Zur Bedrückung in damaliger Zeit trug der immer wiederkehrende Fliegeralarm während des Tages wie auch in der Nacht bei. Bei heftigem Beschuss wie auch Bombenabwurf zündete man eine geweihte Kerze an. Im Luftschutzraum war ein metallener Räucherkasten, der beim Angriff mit meinen Zähnen um die Wette klapperte. In einer solchen Situation der völligen Hilflosigkeit gab mir Großvater Zuversicht und Trost. Ich wurde ruhiger und das Klappern ließ nach. So hatte ich jedenfalls das Gefühl!.
Nach Kriegsende
Einige Tage vor Ende des Krieges wurde unser Haus von Bomben getroffen. Wie durch ein Wunder wurden wir gerettet, jedoch die Familie meines Onkels war ein Opfer des Angriffs. Wieder war es Großvater, der uns in sein Haus aufnahm, man rückte zusammen.

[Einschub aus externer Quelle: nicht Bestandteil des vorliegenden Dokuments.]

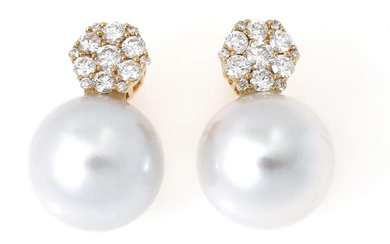 A pair of pearl earrings each set with a cultured South Sea...
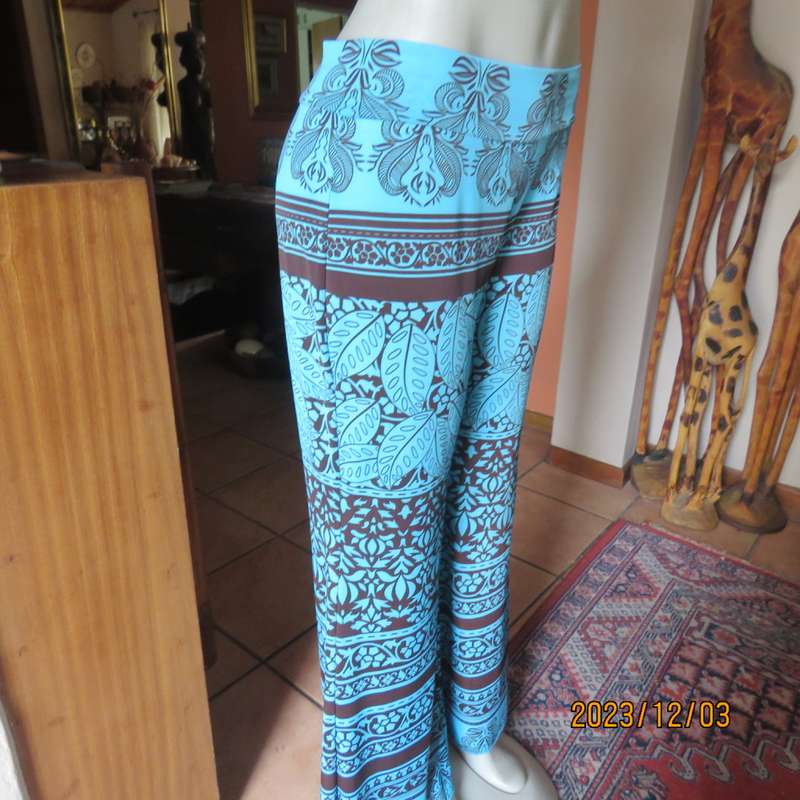 Striking comfy polyester stretch size 36 pants. Turquoise with brown baroque print. Bell bottoms.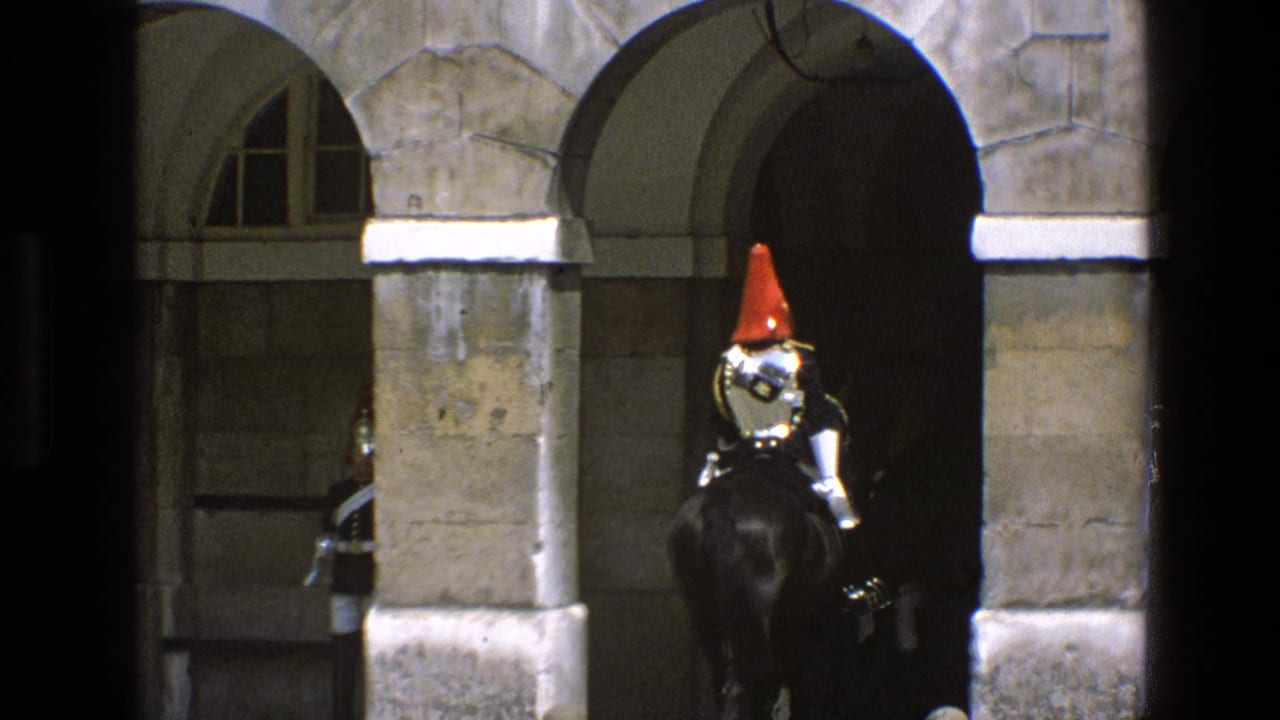 In England 1969 footage, a mounted guard with a red plume rides a dark horse into a shadowed stone archway.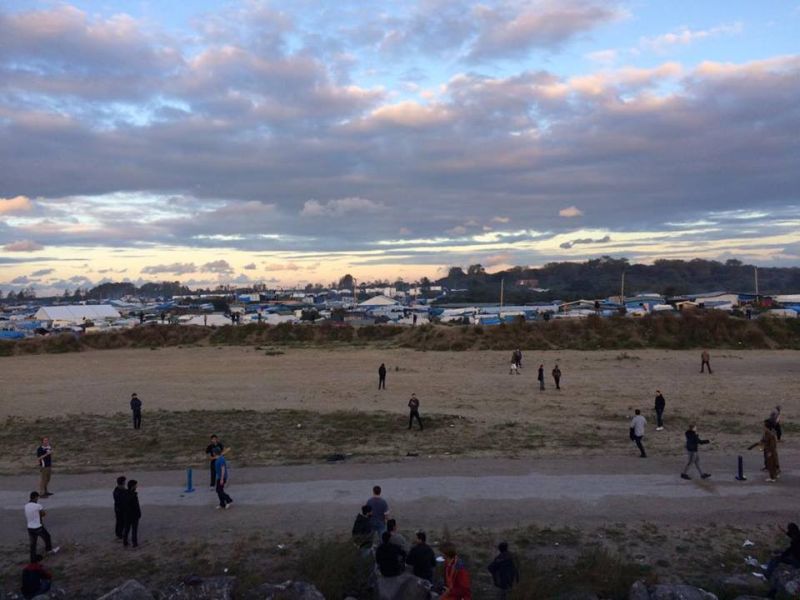 A cricket match between volunteers and residents of the Jungle which can be seen in the background. ― Pictures courtesy of Matthew and Edith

Zu Kriegsende zogen die gegnerischen Truppen in unser Dorf ein. Diese Tage verbrachten wir im Wald. Dort hatte mein Vater zuvor mit einem Landwirt einen Stollen gegraben, der uns während der Wirren dieser Tage beherbergen sollte. Als der Stollen jedoch soweit fertig war, kam fast das ganze Dorf. Der Stollen war dafür natürlich viel zu klein, sodass man Frauen und Kinder in den Stollen ließ und die Männer draußen bleiben mussten. Großvater blieb bei uns Kindern, solange meine Eltern ins Dorf zurückgingen, um die Toten zu begraben. Es musste alles schnell gehen, weil die Jagdbomber alles Bewegliche beschossen.
Der Aufbau
Irgendwann endeten die schrecklichen Ereignisse. Der Aufbau begann so gut es ging und alsbald normalisierte sich das Leben. Die Begegnungen mit Großvater waren auf eine höhere Ebene gerückt, denn er interessierte sich für unsere Berufe und wir fragten ihn um Rat. Bei allen Festen war er zugegen, er freute sich über unseren beruflichen Werdegang, über die angeheirateten Partner seiner zehn Enkelkinder, die ihn zahlreich zum Urgroßvater machten. Wenn ich zurückdenke, so hat mein Großvater nie gejammert, er zeigte niemals sein Inneres. Meine Mutter hörte ihn nach dem Tod seiner Frau einmal in der Nacht weinen, dann war auch dieses Leid verschlossen. Achtzigjährig wurde er krank und starb nach kurzem Krankenlager.
Heute noch erzähle ich ihm beim Betrachten seines Bildes Ereignisse meines Lebens und manchmal sehe ich ein Lächeln in seinen Augen.
Er war mein Großvater!
Es wäre schön, wenn auch meine Enkel einmal solch liebevollen Erinnerungen hätten.